- Task to carry out
From the line below that contains "Freshly cooked instant" to the line that contains "Paire de gants rose chiné", repeat every line exactly, both ends included, and nothing else.
———
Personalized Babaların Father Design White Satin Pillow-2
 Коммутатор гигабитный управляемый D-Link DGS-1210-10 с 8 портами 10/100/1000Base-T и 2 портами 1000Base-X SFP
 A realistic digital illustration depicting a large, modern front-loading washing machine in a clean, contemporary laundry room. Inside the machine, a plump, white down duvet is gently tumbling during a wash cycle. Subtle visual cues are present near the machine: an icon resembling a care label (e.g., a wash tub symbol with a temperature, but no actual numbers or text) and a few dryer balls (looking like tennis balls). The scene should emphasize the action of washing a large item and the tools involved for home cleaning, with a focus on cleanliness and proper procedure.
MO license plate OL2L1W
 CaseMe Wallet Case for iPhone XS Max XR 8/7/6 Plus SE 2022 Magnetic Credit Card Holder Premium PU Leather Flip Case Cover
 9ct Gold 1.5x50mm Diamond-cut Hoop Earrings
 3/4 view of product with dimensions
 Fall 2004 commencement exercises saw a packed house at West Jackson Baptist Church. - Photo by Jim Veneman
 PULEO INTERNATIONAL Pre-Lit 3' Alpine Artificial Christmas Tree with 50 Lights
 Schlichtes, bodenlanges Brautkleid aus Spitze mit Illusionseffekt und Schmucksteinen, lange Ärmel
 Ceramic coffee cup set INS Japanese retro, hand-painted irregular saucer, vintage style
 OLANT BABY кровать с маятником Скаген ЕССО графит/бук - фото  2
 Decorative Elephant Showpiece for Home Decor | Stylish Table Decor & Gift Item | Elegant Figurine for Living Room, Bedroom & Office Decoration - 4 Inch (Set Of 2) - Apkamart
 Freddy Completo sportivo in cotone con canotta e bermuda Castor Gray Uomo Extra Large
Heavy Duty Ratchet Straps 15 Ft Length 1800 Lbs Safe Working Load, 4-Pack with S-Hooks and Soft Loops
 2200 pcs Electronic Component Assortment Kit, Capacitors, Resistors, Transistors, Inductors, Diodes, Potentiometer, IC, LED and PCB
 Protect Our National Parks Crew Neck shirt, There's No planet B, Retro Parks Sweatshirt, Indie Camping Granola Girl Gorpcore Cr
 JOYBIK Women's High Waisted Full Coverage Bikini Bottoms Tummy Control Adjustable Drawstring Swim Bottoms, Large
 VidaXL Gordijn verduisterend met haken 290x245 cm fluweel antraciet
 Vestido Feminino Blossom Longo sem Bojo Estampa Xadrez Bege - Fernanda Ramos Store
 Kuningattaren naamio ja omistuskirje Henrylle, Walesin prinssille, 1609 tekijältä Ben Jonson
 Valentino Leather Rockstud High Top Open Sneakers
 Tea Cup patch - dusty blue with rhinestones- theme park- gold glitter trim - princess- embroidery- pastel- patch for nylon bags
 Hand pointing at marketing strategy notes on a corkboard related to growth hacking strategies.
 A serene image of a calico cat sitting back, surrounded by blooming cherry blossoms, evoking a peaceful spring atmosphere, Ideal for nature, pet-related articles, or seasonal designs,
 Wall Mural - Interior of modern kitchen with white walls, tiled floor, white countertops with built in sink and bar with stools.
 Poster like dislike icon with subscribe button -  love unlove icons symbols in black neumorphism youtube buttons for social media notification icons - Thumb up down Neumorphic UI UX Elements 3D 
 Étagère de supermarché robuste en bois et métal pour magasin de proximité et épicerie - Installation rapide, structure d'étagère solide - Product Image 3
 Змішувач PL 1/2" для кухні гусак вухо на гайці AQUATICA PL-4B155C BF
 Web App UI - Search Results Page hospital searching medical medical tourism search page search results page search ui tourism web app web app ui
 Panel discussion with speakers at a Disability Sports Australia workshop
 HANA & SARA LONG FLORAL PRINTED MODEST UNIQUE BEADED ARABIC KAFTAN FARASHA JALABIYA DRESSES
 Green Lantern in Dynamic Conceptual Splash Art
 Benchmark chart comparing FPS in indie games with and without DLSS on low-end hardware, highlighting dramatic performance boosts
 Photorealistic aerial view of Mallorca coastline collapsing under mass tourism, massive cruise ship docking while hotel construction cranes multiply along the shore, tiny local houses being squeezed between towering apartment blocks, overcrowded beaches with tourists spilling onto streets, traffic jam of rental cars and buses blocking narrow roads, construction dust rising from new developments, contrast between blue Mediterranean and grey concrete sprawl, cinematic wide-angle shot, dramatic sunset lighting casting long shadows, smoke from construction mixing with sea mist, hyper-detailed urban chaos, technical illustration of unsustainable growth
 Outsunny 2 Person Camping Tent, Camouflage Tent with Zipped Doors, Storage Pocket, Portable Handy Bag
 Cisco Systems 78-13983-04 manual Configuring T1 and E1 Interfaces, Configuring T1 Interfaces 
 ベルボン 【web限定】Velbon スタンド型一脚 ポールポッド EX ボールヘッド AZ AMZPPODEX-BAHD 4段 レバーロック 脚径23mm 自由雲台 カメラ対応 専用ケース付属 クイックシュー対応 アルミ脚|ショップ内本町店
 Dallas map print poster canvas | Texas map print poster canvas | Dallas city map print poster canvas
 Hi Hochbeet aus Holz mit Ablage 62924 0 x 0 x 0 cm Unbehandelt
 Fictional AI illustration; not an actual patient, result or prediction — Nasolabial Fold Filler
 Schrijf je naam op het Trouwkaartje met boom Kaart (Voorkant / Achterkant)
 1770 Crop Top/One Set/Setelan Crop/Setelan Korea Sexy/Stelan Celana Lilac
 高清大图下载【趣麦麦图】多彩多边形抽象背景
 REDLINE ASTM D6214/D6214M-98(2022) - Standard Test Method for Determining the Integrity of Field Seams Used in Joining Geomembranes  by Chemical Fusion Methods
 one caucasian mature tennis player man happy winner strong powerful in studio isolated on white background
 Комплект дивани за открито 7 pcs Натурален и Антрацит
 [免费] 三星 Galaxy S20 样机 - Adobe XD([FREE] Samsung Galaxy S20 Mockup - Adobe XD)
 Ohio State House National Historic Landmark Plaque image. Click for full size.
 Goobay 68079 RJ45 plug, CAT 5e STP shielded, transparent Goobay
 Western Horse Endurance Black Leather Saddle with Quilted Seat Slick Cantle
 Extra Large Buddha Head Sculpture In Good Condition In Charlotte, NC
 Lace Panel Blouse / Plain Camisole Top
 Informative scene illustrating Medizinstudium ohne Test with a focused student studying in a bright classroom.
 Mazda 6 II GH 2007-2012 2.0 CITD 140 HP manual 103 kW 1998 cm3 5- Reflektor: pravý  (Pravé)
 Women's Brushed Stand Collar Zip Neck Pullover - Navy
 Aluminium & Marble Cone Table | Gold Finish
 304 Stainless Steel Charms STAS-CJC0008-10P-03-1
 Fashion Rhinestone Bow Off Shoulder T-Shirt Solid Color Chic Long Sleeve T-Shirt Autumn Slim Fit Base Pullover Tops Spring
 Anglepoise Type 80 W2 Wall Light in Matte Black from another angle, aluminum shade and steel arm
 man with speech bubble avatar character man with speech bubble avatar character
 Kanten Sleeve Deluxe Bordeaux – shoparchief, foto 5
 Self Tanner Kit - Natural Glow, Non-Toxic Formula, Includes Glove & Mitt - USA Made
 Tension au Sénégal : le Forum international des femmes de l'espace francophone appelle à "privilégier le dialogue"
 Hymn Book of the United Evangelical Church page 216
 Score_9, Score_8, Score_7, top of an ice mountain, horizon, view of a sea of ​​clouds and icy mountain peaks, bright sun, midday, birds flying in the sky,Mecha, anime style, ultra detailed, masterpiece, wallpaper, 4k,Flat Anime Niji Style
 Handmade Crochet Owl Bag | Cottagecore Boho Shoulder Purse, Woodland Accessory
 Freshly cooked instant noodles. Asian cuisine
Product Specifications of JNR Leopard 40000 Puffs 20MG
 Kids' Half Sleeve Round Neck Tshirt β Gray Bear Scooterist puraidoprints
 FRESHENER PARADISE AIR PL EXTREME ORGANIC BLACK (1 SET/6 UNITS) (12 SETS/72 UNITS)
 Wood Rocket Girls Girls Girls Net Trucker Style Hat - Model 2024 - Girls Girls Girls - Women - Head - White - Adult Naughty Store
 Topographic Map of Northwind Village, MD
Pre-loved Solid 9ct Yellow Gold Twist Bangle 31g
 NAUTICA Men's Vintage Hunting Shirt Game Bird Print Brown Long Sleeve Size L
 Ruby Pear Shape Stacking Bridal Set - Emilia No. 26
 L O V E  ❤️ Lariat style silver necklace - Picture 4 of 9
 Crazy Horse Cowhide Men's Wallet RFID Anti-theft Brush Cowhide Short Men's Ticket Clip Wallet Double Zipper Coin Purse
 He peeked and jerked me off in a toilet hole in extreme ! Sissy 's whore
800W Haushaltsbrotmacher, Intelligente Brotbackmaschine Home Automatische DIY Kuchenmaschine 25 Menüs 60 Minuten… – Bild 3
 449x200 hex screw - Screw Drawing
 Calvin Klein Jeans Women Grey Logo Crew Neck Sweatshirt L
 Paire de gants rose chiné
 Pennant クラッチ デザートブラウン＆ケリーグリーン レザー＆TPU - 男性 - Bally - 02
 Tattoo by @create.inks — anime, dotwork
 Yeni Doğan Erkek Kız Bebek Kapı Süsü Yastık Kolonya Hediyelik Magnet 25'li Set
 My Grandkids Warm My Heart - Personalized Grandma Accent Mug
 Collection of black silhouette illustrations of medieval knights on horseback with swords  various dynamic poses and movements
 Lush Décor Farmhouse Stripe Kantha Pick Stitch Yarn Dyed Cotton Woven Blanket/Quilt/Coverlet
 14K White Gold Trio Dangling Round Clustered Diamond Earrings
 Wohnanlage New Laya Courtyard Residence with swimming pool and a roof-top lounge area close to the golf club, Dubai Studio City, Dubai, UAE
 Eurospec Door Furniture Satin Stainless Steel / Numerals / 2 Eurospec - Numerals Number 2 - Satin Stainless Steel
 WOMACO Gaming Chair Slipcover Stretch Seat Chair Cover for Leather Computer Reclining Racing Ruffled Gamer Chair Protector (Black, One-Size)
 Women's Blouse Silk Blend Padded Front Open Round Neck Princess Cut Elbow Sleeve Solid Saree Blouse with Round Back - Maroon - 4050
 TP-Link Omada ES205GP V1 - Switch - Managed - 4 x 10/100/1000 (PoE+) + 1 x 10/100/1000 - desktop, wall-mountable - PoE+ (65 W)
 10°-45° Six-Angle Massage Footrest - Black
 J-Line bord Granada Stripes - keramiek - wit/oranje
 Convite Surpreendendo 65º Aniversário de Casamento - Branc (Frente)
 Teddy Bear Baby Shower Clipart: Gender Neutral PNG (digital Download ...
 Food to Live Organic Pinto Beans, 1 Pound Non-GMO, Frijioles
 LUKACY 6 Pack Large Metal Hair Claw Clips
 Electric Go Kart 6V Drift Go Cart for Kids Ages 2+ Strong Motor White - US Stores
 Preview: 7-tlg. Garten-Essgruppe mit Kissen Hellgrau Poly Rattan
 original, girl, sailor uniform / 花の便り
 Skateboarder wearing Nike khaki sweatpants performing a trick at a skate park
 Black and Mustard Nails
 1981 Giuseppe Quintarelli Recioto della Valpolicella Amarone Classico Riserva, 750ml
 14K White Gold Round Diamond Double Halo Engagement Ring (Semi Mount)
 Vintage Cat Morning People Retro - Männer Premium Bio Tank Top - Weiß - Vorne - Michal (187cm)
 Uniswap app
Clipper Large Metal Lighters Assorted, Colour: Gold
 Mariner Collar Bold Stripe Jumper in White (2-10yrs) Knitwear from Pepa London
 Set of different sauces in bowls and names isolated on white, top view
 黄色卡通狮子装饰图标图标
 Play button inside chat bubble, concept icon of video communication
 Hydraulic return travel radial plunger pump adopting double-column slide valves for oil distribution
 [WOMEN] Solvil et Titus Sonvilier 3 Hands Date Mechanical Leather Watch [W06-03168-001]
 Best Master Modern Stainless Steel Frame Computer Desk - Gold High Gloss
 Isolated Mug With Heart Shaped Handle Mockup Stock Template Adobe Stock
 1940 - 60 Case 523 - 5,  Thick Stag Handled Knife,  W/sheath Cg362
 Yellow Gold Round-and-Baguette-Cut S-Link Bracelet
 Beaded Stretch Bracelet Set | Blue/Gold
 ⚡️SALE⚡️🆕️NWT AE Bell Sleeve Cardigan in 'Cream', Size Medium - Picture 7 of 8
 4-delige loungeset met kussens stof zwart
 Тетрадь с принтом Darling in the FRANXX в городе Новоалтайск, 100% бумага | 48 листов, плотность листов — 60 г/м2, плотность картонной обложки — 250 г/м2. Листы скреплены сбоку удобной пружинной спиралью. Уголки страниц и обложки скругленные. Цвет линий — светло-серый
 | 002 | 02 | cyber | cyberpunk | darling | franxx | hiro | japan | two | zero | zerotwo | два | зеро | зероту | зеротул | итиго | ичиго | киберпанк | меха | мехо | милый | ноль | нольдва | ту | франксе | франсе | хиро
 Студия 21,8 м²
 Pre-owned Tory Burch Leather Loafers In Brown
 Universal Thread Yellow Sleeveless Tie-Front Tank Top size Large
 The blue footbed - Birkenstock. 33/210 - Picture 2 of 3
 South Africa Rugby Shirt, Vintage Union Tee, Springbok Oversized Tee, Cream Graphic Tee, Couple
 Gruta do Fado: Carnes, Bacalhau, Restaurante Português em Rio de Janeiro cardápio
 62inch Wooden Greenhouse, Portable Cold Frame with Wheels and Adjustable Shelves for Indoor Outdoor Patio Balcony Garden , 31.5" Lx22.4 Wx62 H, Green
———
- Written response
 Freshly cooked instant noodles. Asian cuisine
Product Specifications of JNR Leopard 40000 Puffs 20MG
 Kids' Half Sleeve Round Neck Tshirt β Gray Bear Scooterist puraidoprints
 FRESHENER PARADISE AIR PL EXTREME ORGANIC BLACK (1 SET/6 UNITS) (12 SETS/72 UNITS)
 Wood Rocket Girls Girls Girls Net Trucker Style Hat - Model 2024 - Girls Girls Girls - Women - Head - White - Adult Naughty Store
 Topographic Map of Northwind Village, MD
Pre-loved Solid 9ct Yellow Gold Twist Bangle 31g
 NAUTICA Men's Vintage Hunting Shirt Game Bird Print Brown Long Sleeve Size L
 Ruby Pear Shape Stacking Bridal Set - Emilia No. 26
 L O V E  ❤️ Lariat style silver necklace - Picture 4 of 9
 Crazy Horse Cowhide Men's Wallet RFID Anti-theft Brush Cowhide Short Men's Ticket Clip Wallet Double Zipper Coin Purse
 He peeked and jerked me off in a toilet hole in extreme ! Sissy 's whore
800W Haushaltsbrotmacher, Intelligente Brotbackmaschine Home Automatische DIY Kuchenmaschine 25 Menüs 60 Minuten… – Bild 3
 449x200 hex screw - Screw Drawing
 Calvin Klein Jeans Women Grey Logo Crew Neck Sweatshirt L
 Paire de gants rose chiné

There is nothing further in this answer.